The European Central Bank has again opted not to resume its programme of buying up bonds of eurozone nations, data suggested Monday, despite widespread expectations that the bank may do so soon.
According to data published on the bank's website, it did not buy any sovereign bonds last week for the 22nd week in a row.
The ECB launched its bond-buying blitz under the Securities Market Programme (SMP) in 2010 to help debt-wracked eurozone countries that were finding it difficult to drum up financing in capital markets.
But the SMP has lain dormant since February following the ECB's moves to pump more than one trillion euros ($1.23 trillion) into the banking system via three-year funding operations in December and February.
After one of the most hotly anticipated ECB policy meetings in recent history earlier this month, ECB chief Mario Draghi said the central bank "may" resume bond purchases, but it was primarily up to governments to solve the long-running debt crisis.

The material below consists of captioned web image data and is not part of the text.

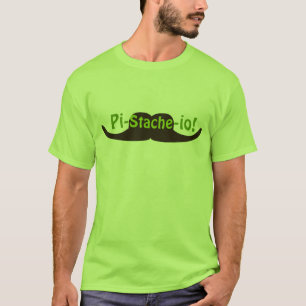 Pistachio Pi-stache-io Moustache T-Shirt
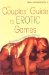 The Couples' Guide to Erotic Games : Get Intimate, Be Passionate, Have Fun! cover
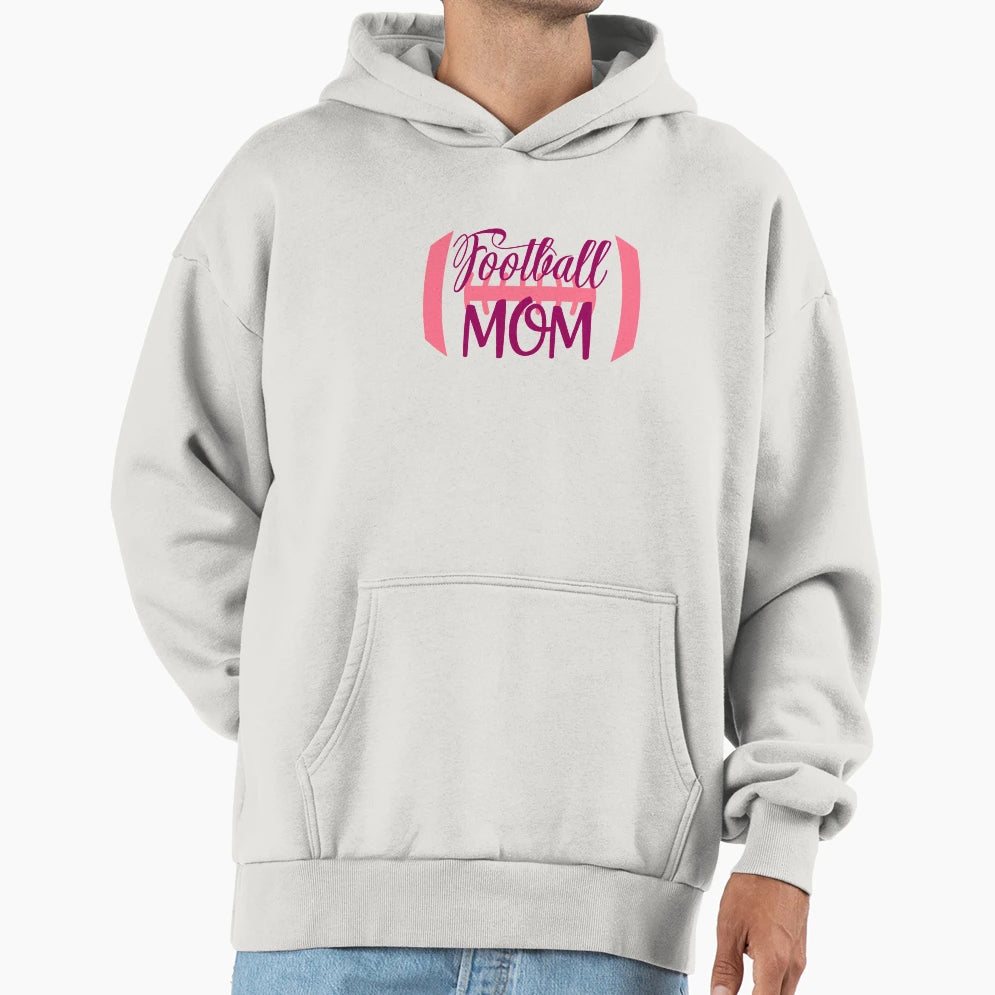 Football Mom Hoodie - Unique Graphic Men Women - T-Shirt, Sweatshirt, Hoodie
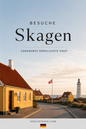 Skagen (Deutsch) — Der Ultimative Guide zu Dänemarks Nördlichstem Abenteuer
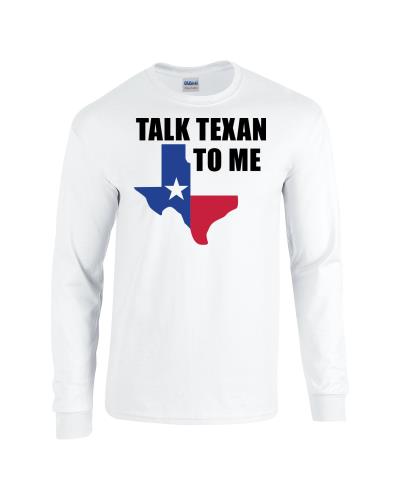 Epic Talk Texan Long Sleeve Cotton Graphic T-Shirts. Free shipping.  Some exclusions apply.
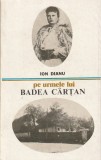 ION DIANU - PE URMELE LUI BADEA CARTAN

ECB executive board member Benoit Coeure said the same in a subsequent interview published in the Slovakian newspaper Hospodarske Noviny last week.
"Within its mandate to maintain price stability, and in strict independence, the ECB may then undertake sovereign bond purchases," Coeure said.
SMP was controversial from the start, with critics saying the ECB was overstepping its mandate in buying up sovereign bonds on the secondary market.
Between January and August 2011, the purchases dried up, but the ECB resumed the programme when renewed strains pushed Italian and Spanish borrowing rates to unsustainable levels.
The ECB has so far accumulated 211.5 billion euros in bonds from Greece Ireland, Portugal, Italy and Spain as part of the programme.
At one point, purchases reached as much as 22 billion euros in a single week.